Ronnie Milsap singles chronology
| "Am I Losing You" (1981) | "(There's) No Gettin' Over Me" (1981) | "I Wouldn't Have Missed It for the World" (1981) |

= (There's) No Gettin' Over Me =

"(There's) No Gettin' Over Me" is a song written by Walt Aldridge and Tom Brasfield, and recorded by American country music singer Ronnie Milsap. It was released in June 1981 as the first single from the album There's No Gettin' Over Me. Known by many fans by its less grammatically correct title "There Ain't No Gettin' Over Me" — the song's official title appears nowhere in the lyrics — the song became one of Milsap's biggest country hits and his only top 10 pop hit during his recording career.

==Critical reception==
Thom Jurek of Allmusic wrote that "(There's) No Gettin' Over Me" — and the album from which it came — was "indicative of the times and the artists making hit records at the same time." Milsap's "urban country" style, as Jurek put it, was evident in the song, given its "sweet alto saxophone solo" and "chorus that reflects James Taylor's late-'70s attempts at crooning early rock."

==Cover versions==
A cover version was recorded by Heartland on their 2006 album I Loved Her First.

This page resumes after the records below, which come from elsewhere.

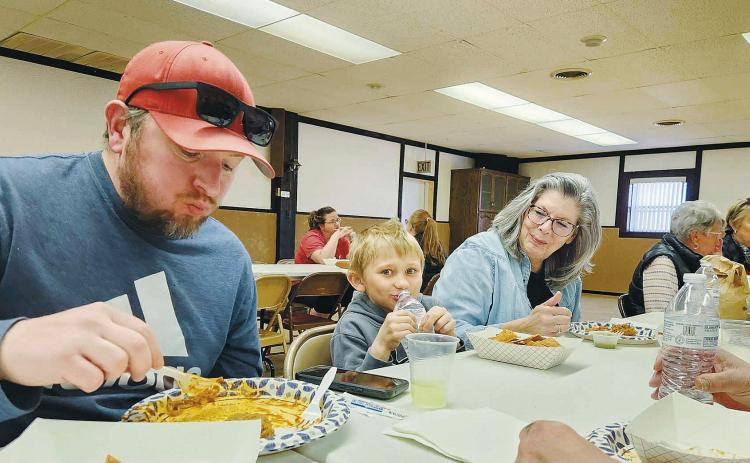 The Belanus family enjoying their dinner. Photo by Hilary Nowatzki.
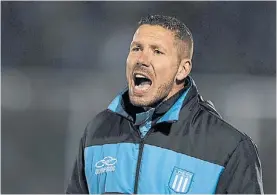  ?? ?? Simeone. Jugaba en Racing y le pidieron que condujera al equipo.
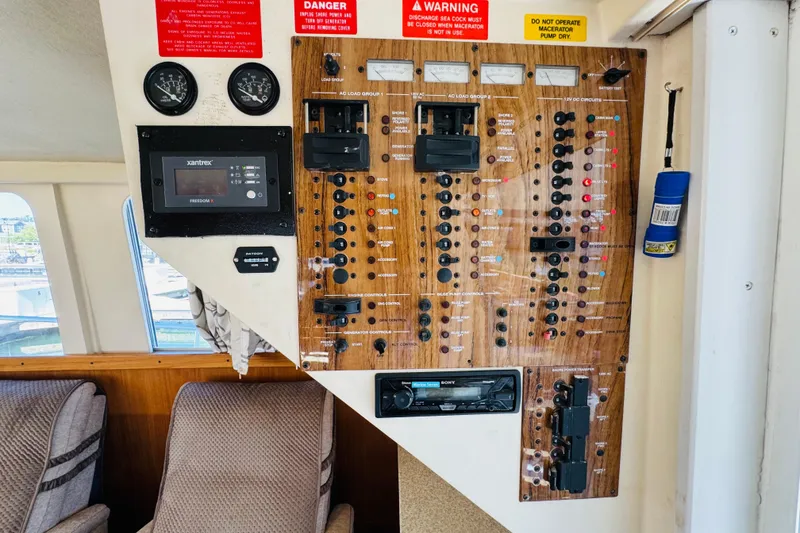 Slide: The Image of Control panel of a 2000 Mainship 390 Trawler with gauges and switches. - 60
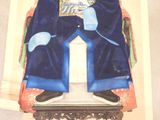 a picture of a statue of a man sitting on a chair
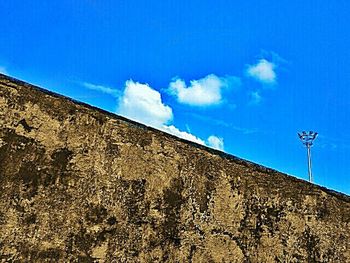 Low angle view of built structure against blue sky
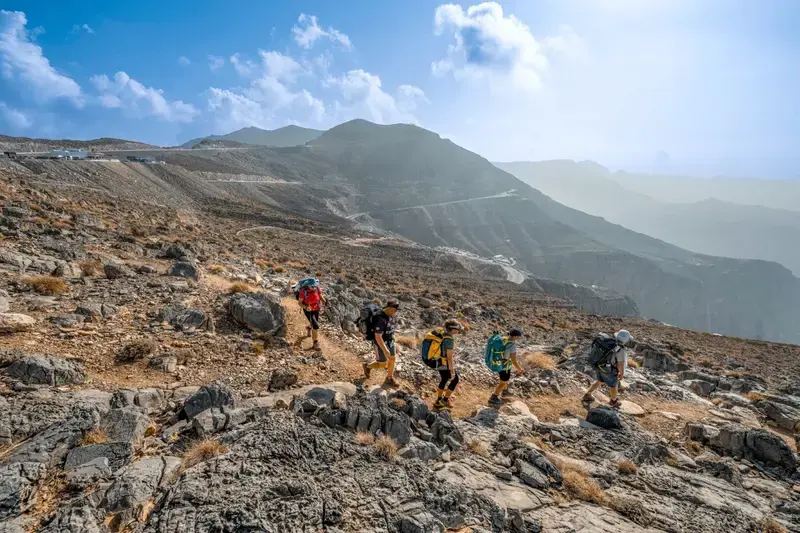 A large guided group hiking together on Jebel Jais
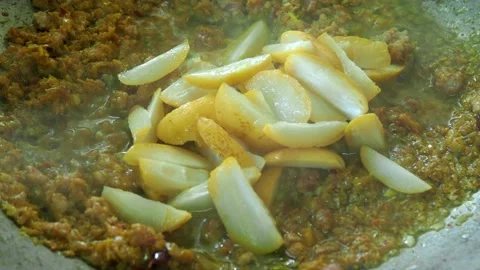 Frying chili paste with chopped fresh dates in pan, in door  Chiangmai  Thailand Stock Footage 202560522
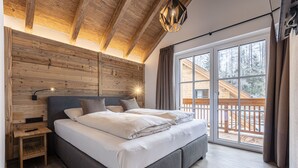Un dormitorio con cabecera de madera, cama con sábanas blancas, mesita de noche con lámpara y vista a una terraza de madera.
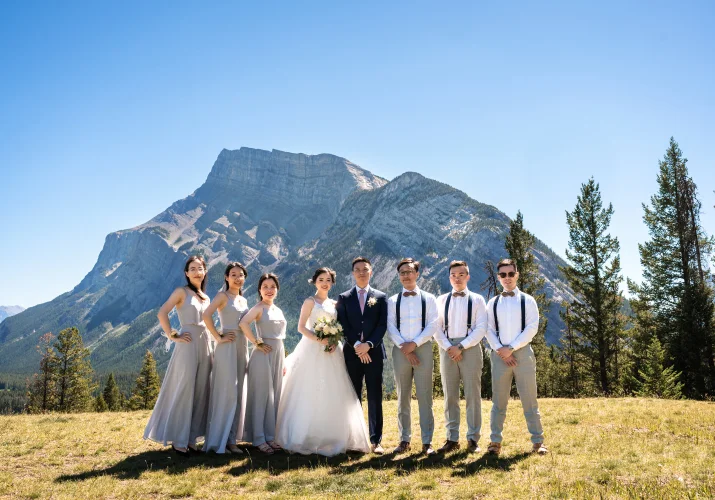 Wedding Party Banff Photograph while they look at the camera. Behind them stunning Rocky Mountains.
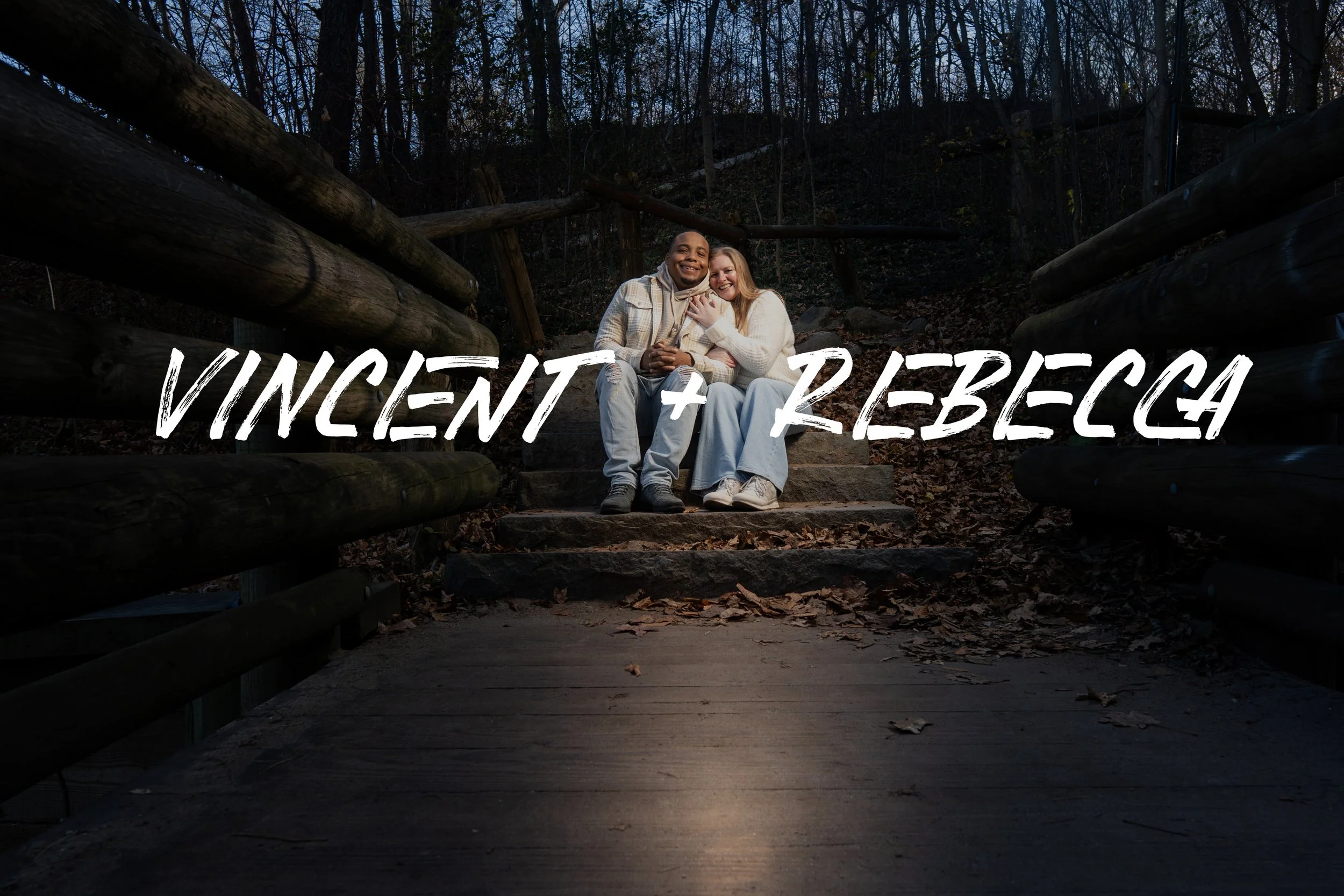A couple sitting on steps in a wooded park at dusk, with the text 'VINCENT + REBECCA' overlaid.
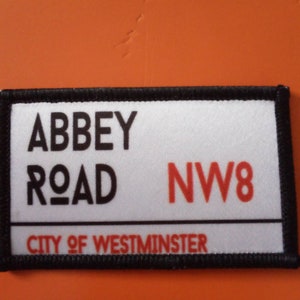 May include: A white patch with black trim and red text that reads "Abbey Road NW8 City of Westminster".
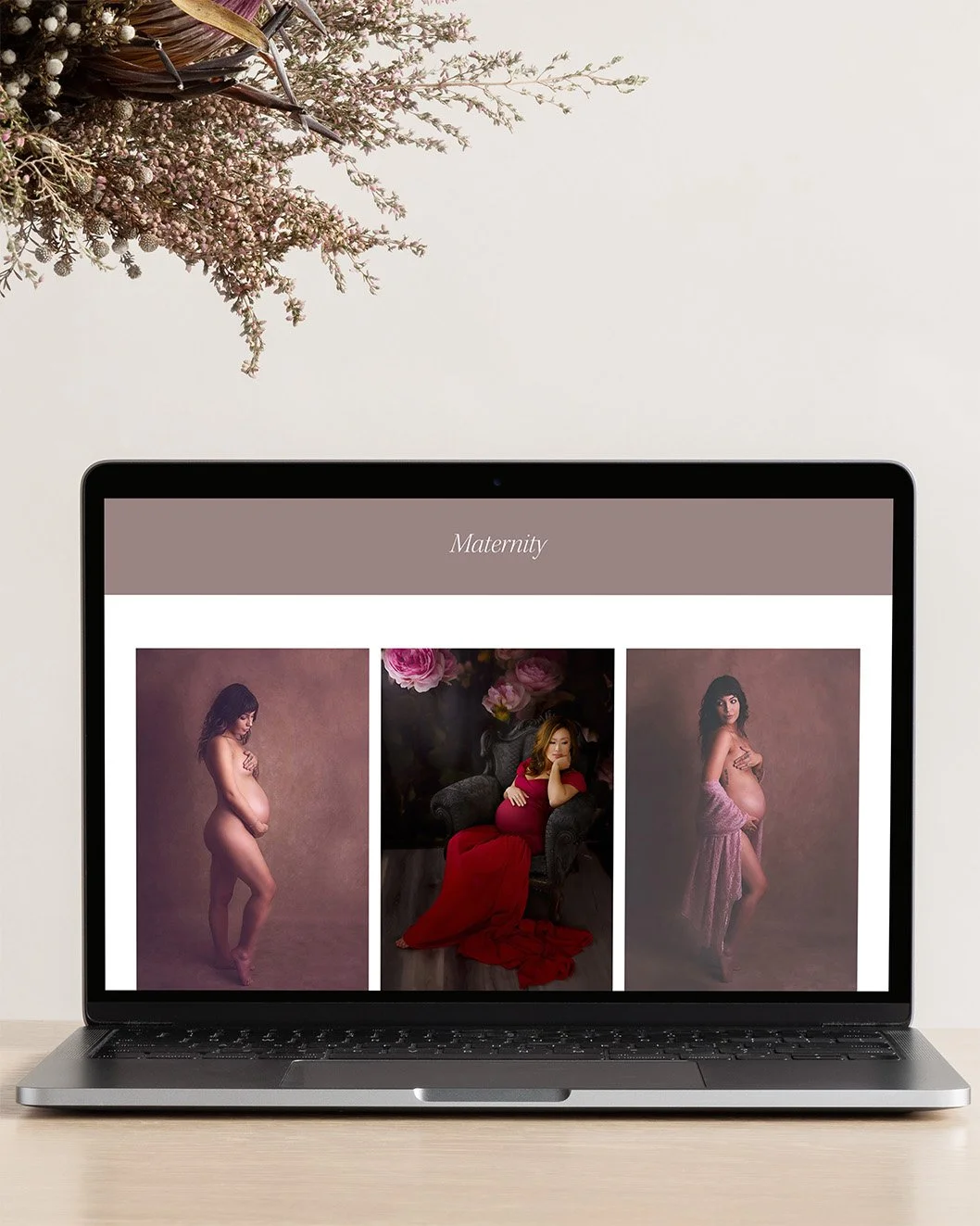 Laptop mockup of maternity photography website on light wood table with flowers in background.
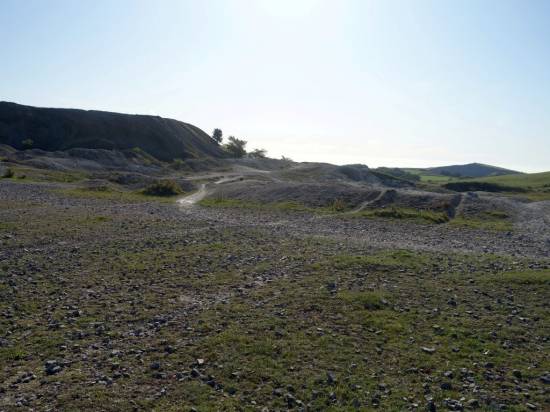 Around and about are spoil heaps and bare ground
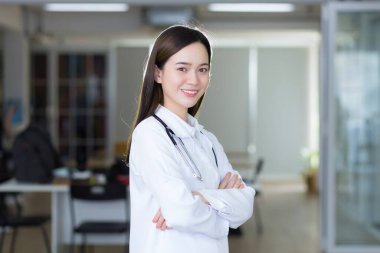 Kolları bağlı Asyalı bir kadın doktor. Beyaz bir bornoz ve steteskop giyiyordu.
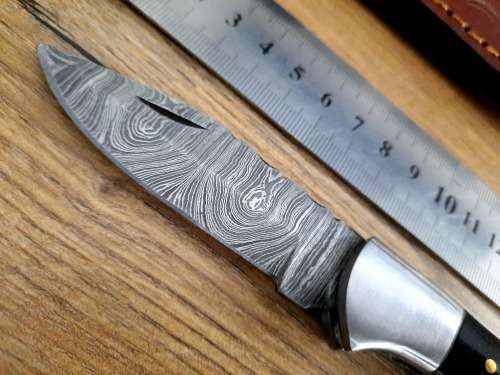 Handmade Damascus steel folding knife w  Bull Horn Handle Scales. New stock !!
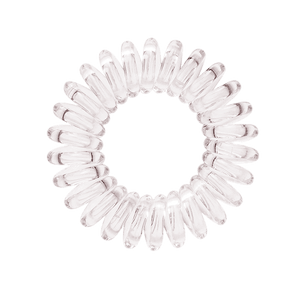 A see through clear coloured plastic circular hairband on a white background that looks like an old fashioned curly coiled telephone cable or a coiled spring which has been made into a circular shape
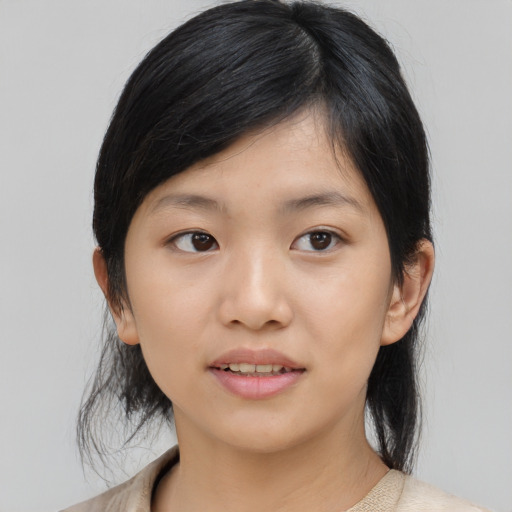 Joyful asian young-adult female with medium  black hair and brown eyes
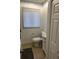 Cozy bathroom with a toilet, sink, vanity, and a closet for extra storage at 1013 E Lake Ave, Tampa, FL 33605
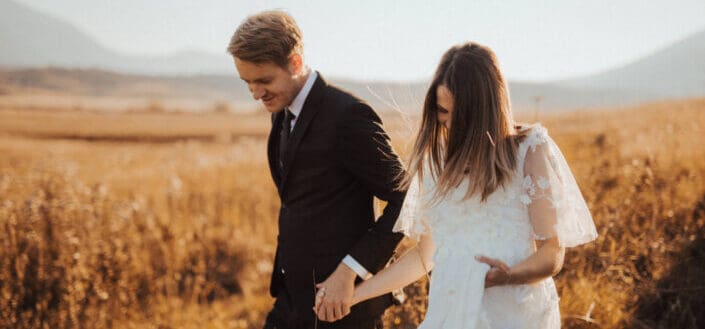 man in black formal suit holding womans hand in white dress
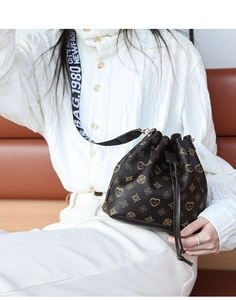 Detail of vintage drawstring bucket bag with monogram pattern and jacquard shoulder strap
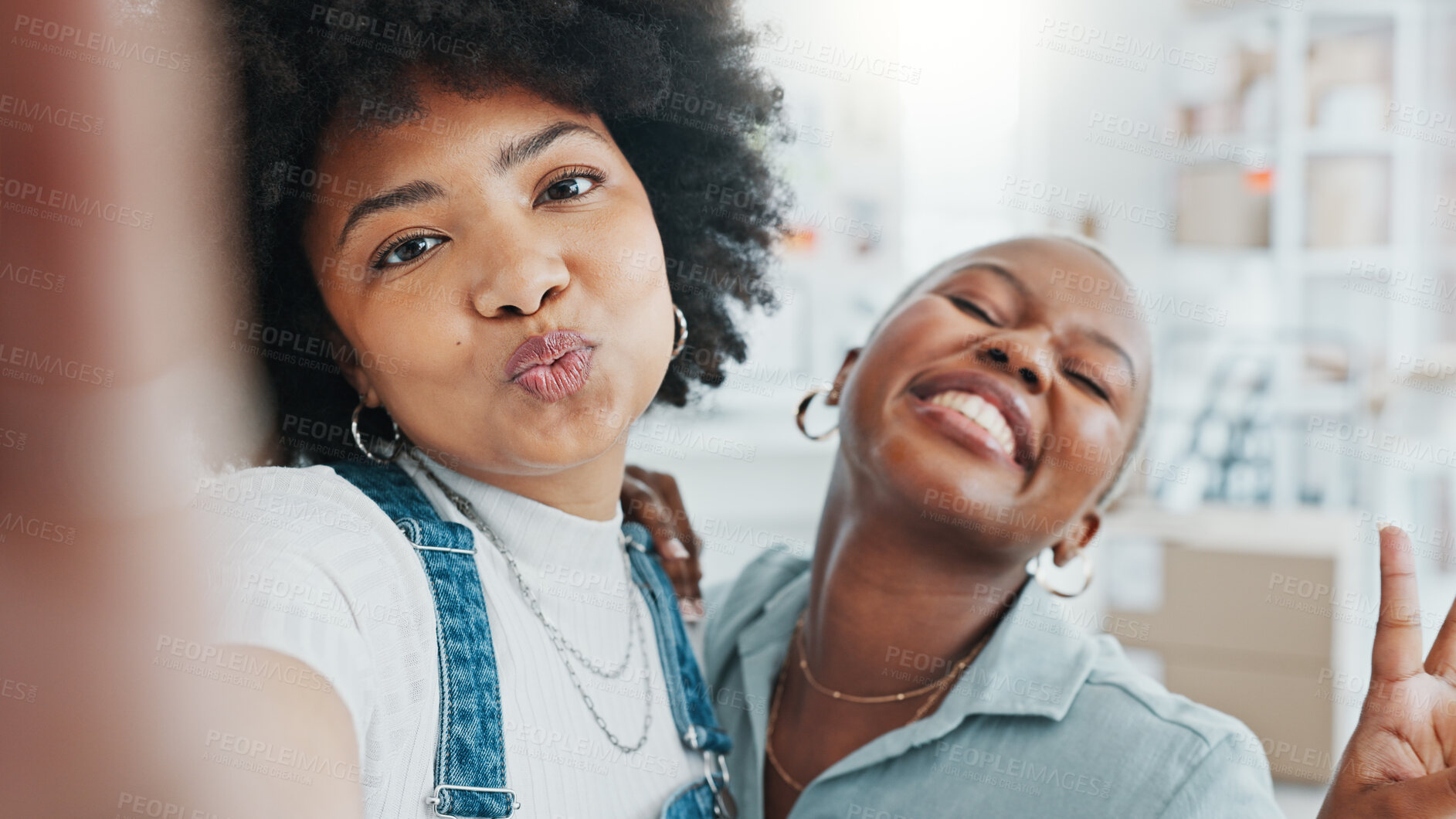 Buy stock photo Selfie, silly and portrait of women in the office for startup business partnership together. Happy, goofy and African female entrepreneurs taking picture for team building, fun or memory in workplace
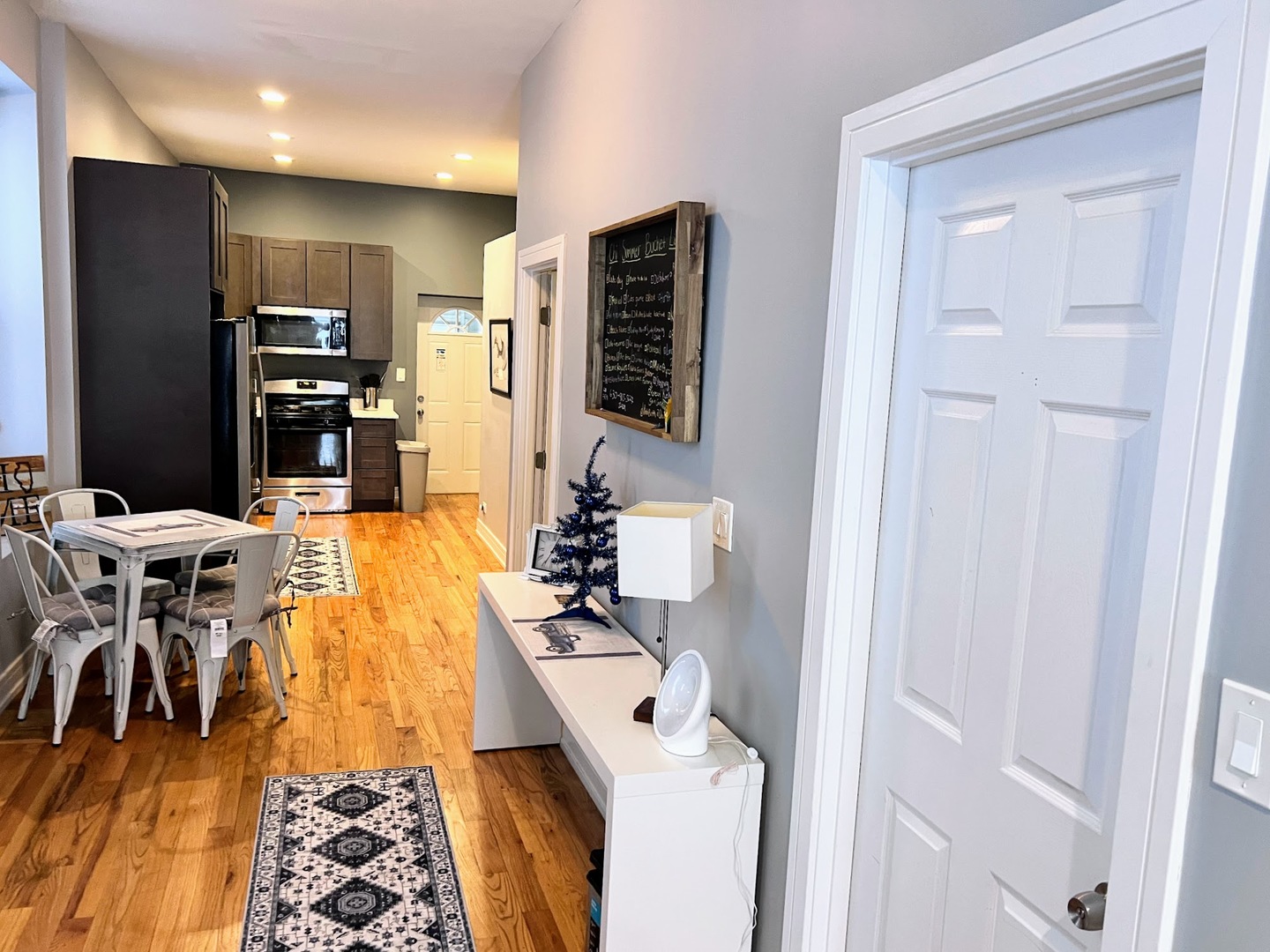 113 South Paulina Street, Unit 3 Chicago, IL 60612 - Photo 5 of 13 a very nice looking dining room with a large window and stainless steel appliances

In 2018, Milsap rerecorded the song with Kacey Musgraves, which appeared on his 2019 album Ronnie Milsap: The Duets.

==Commercial performance==
His 18th No. 1 hit on the Billboard Hot Country Singles chart in August 1981, "(There's) No Gettin' Over Me" marked the apex of Milsap's popularity as a crossover artist, reaching No. 5 for 5 weeks on the Billboard Hot 100 chart and number two Hot Adult Contemporary Singles.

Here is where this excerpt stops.